## Instructions for the task:
Copy exactly the lines of the data below, beginning with the line with "Habitación básica, 1 cama de matrimonio" and ending with the line with "Konferencja bytom2". Pictures are to be omitted.

## Dataset excerpts:
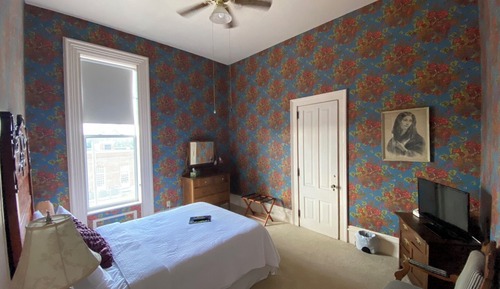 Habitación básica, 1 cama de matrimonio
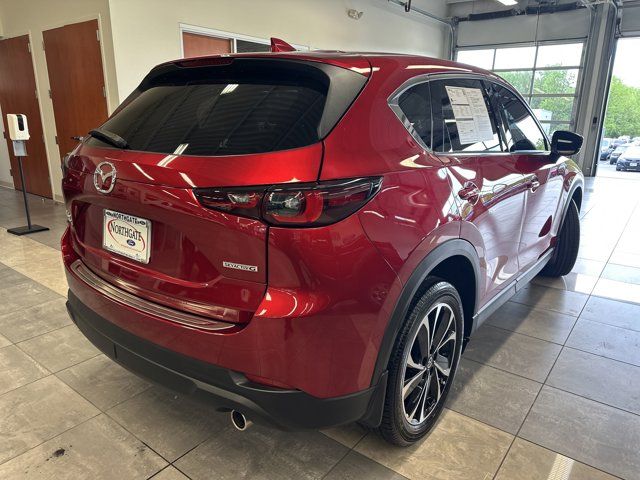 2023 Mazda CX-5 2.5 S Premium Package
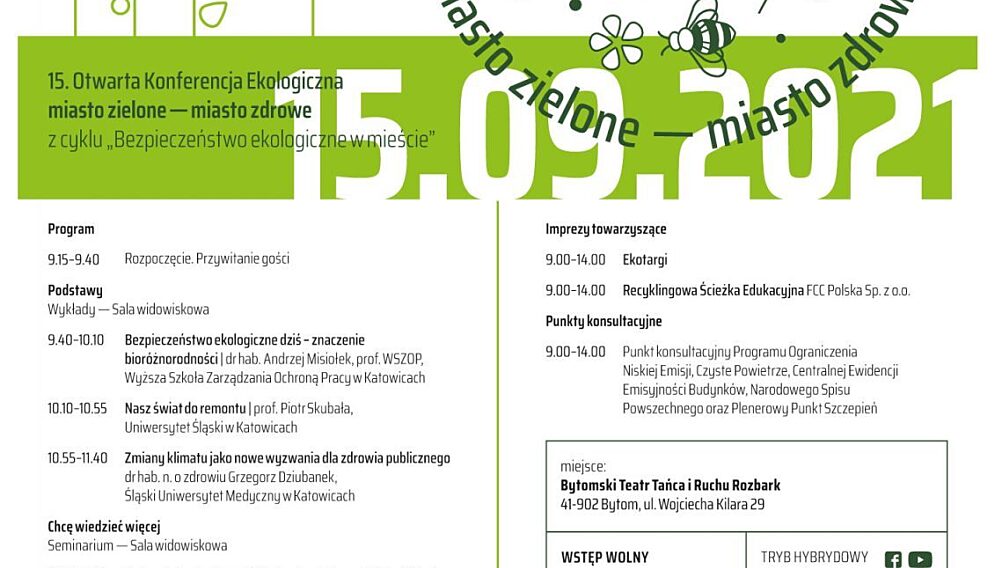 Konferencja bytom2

--

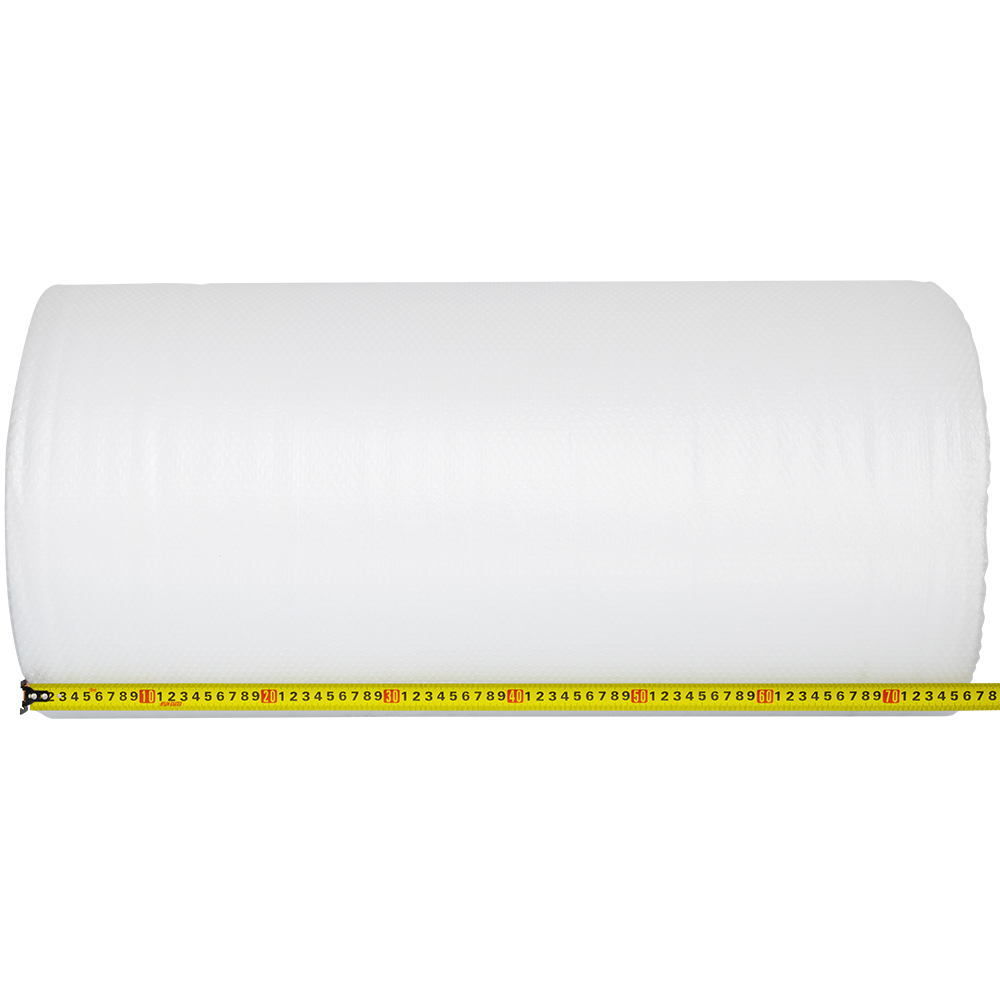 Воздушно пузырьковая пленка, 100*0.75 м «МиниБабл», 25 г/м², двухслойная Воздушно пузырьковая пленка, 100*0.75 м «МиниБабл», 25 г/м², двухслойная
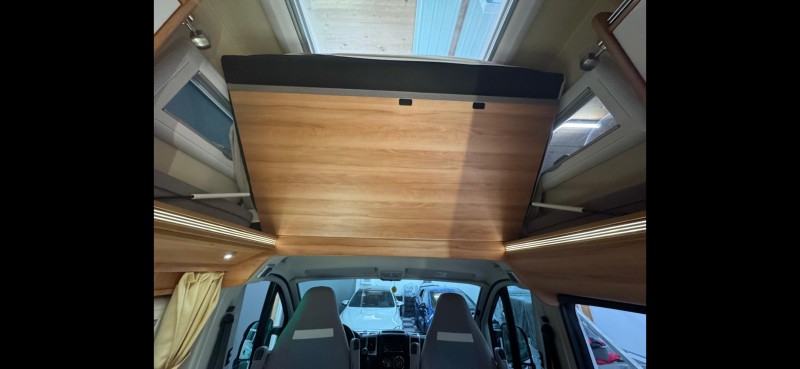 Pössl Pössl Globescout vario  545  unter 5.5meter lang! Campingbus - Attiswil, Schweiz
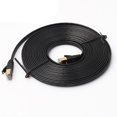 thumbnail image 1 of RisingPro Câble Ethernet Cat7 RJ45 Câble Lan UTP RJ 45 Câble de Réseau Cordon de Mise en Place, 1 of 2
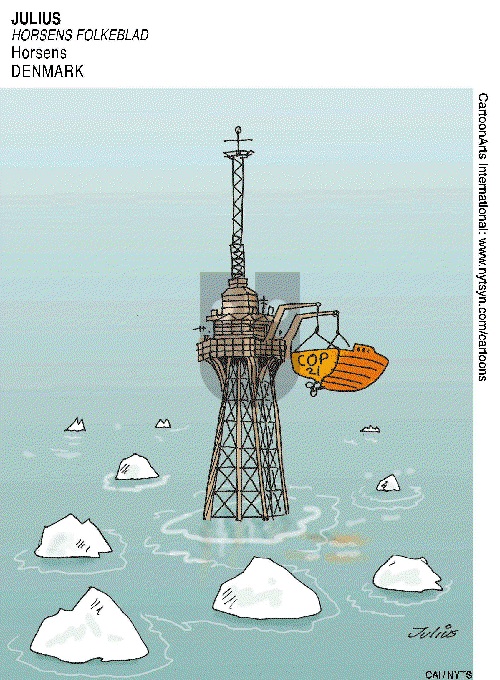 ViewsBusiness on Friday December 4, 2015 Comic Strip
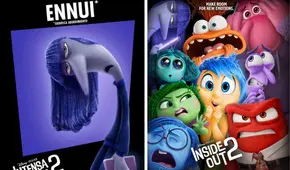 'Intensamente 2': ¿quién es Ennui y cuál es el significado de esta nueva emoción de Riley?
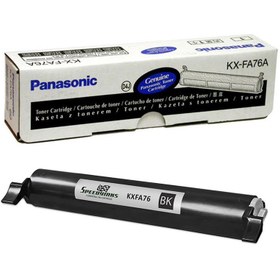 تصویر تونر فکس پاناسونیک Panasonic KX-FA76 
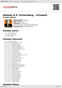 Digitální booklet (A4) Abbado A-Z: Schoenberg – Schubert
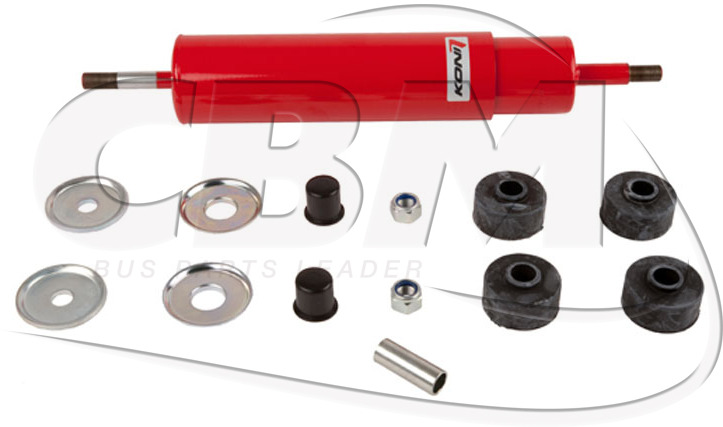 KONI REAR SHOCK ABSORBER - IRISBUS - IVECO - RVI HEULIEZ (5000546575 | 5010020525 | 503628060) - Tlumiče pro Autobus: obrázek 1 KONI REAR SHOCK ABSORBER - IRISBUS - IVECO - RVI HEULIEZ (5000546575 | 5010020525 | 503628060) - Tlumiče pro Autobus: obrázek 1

---

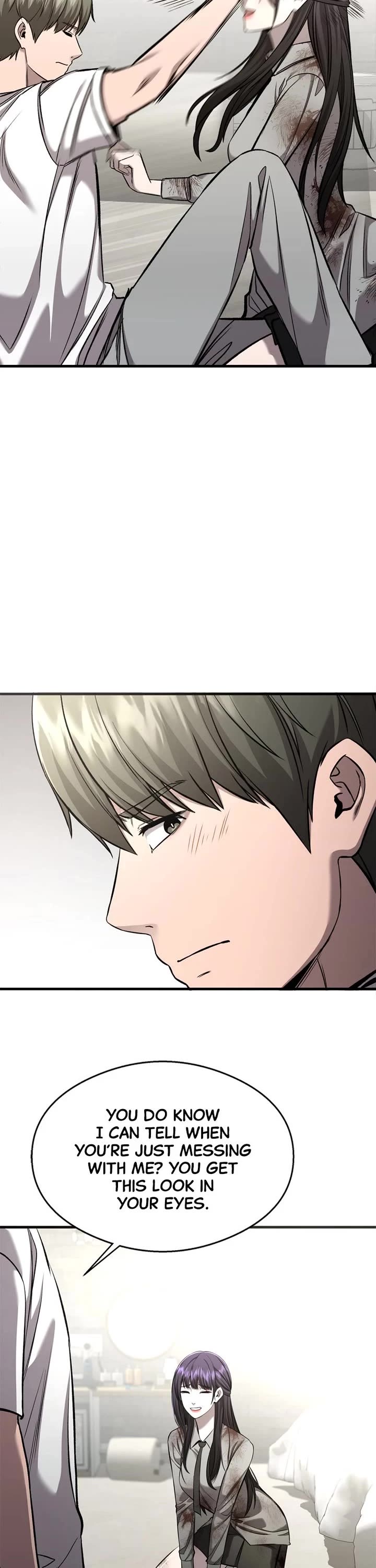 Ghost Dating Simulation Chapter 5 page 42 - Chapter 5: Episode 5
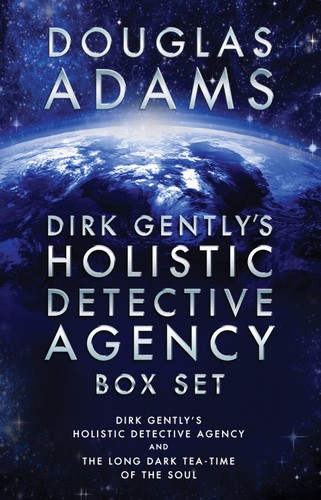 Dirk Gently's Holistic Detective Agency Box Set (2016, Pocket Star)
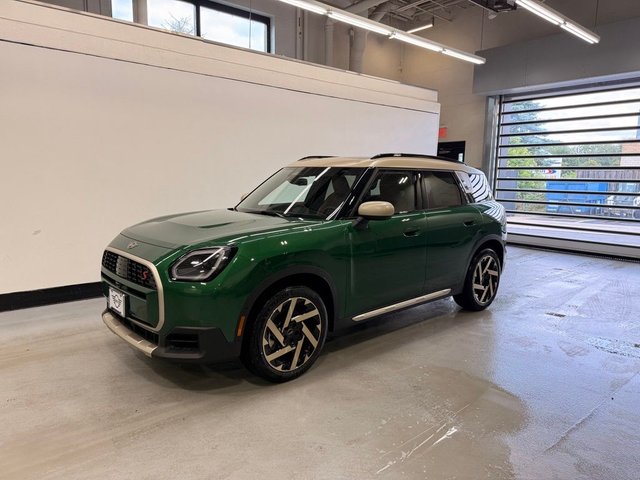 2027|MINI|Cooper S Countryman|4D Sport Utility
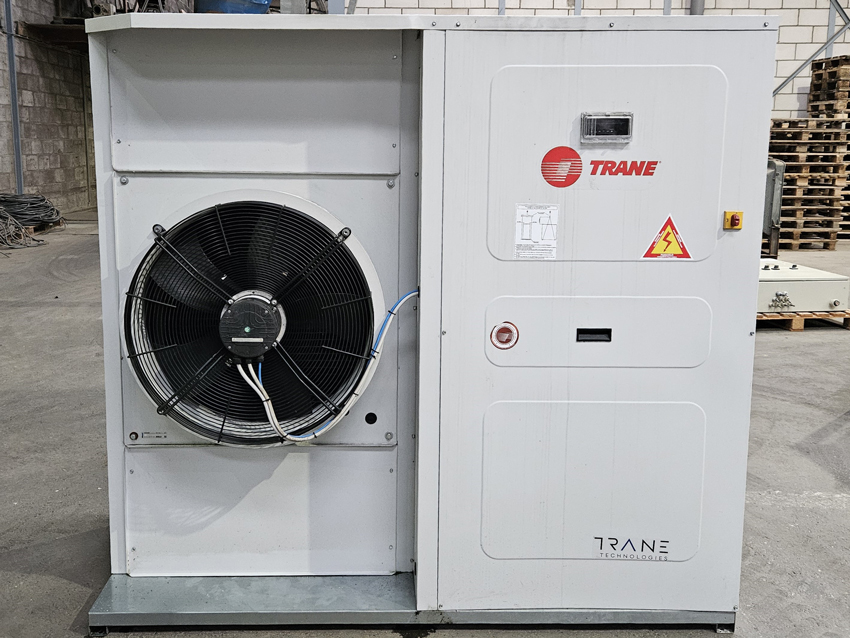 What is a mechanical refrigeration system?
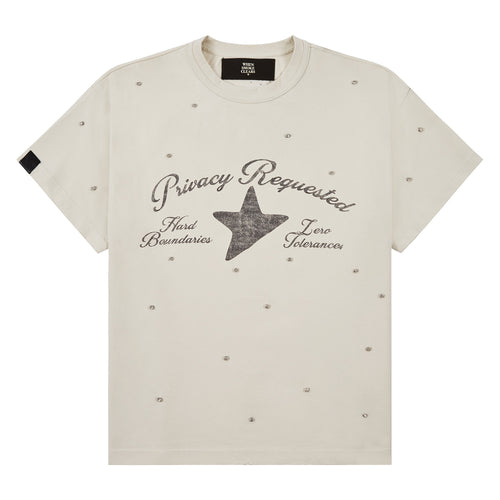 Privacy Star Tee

## Task solution:
 Habitación básica, 1 cama de matrimonio
 2023 Mazda CX-5 2.5 S Premium Package
 Konferencja bytom2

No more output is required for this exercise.